DC Entertainment and Warner Bros. had high hopes in bringing together all of the cinematic versions of the DC Comics heroes for Justice League. This was their answer to Marvel’s Avengers flicks, which are two of the highest-grossing movies of all time. They even brought Avengers writer/director Joss Whedon in to finish the movie up due to original director Zach Snyder having to bow out before filming completed due to the unfortunate death of his daughter.
But alas, no one really went to see it. It only made $94 million at the box-office here in the US. It cost $300 million to make. Ouch. This probably means we’re not going to get that Matter-Eater Lad trilogy.
The Hollywood Reporter reported the dismal-ish box-office, saying that “Justice League posted the lowest domestic opening of any title in the DC Extended Universe.” More ouch.
On Sunday, estimates showed Justice League debuting to $96 million, but the final number came in lower.
The movie did better overseas, pulling in a grand total of $281.5 million so far. Rotten Tomatoes has given it a 40%, which isn’t great, but an audience score of 85%, which isn’t too shabby. Jeff Goldstein, one of the honchos over at Warner Bros., thinks the film will do better this weekend.
“Our path to box-office success is different than what we thought. Given the extremely lucrative Thanksgiving week, we have a chance to hold audiences and ultimately come in at a good level.”

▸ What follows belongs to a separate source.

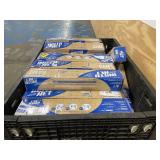 Boulder - Large Bin of - Instanet Badminton Height-Adjustable Portable Net, 17 FT, Black/Yellow (Bin Not Included)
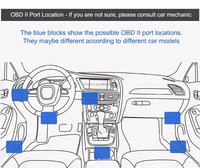 Kabel Pengisian Daya 16Pin OBD2 ke Micro USB dengan Pelindung Anyaman, Konduktor Tembaga Murni, dan Selubung TPE untuk Komputer, GPS, dan Perangkat E-dog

Why didn’t it do as well as predicted? Well, despite the movie being acknowledged by critics as a step-up from its predecessor, the mind-numbing, interminable Batman Vs. Superman: Dawn of Justice, they’re still saying it’s just not that great a flick.
Justice League leaps over a number of DC movies, but its single bound isn’t enough to shed the murky aesthetic, thin characters, and chaotic action that continue to dog the franchise.
It was also outshone by Julia Roberts’ new movie, Wonder. She plays the mom to a kid with a facial deformity who has to adjust to his new school. It looks like that’s the kind of superhero people wanted to see, as it made $27.1 million.
Director Stephen Chbosky’s Wonder, which placed second, came in well ahead of expectations after strong reviews and a coveted A+ CinemaScore. The $20 million film adaptation of R.J. Palacio’s acclaimed children’s novel tells the story of a young boy with a facial deformity who attends a mainstream school for the first time (the book spawned the “Choose Kind” movement).
Honestly, you can’t basically do the Super Friends movie without Zan and goddamn Jayna and expect a box-office windfall. Gal Gadot can only do so much as Wonder Woman, audiences have no clue who the other three are, and wow, does Ben Affleck obviously not want to be Batman. You should have let the Wonder Twins take the shape of an octopus and form of an “ice unicycle” (?!?) and saved your movie!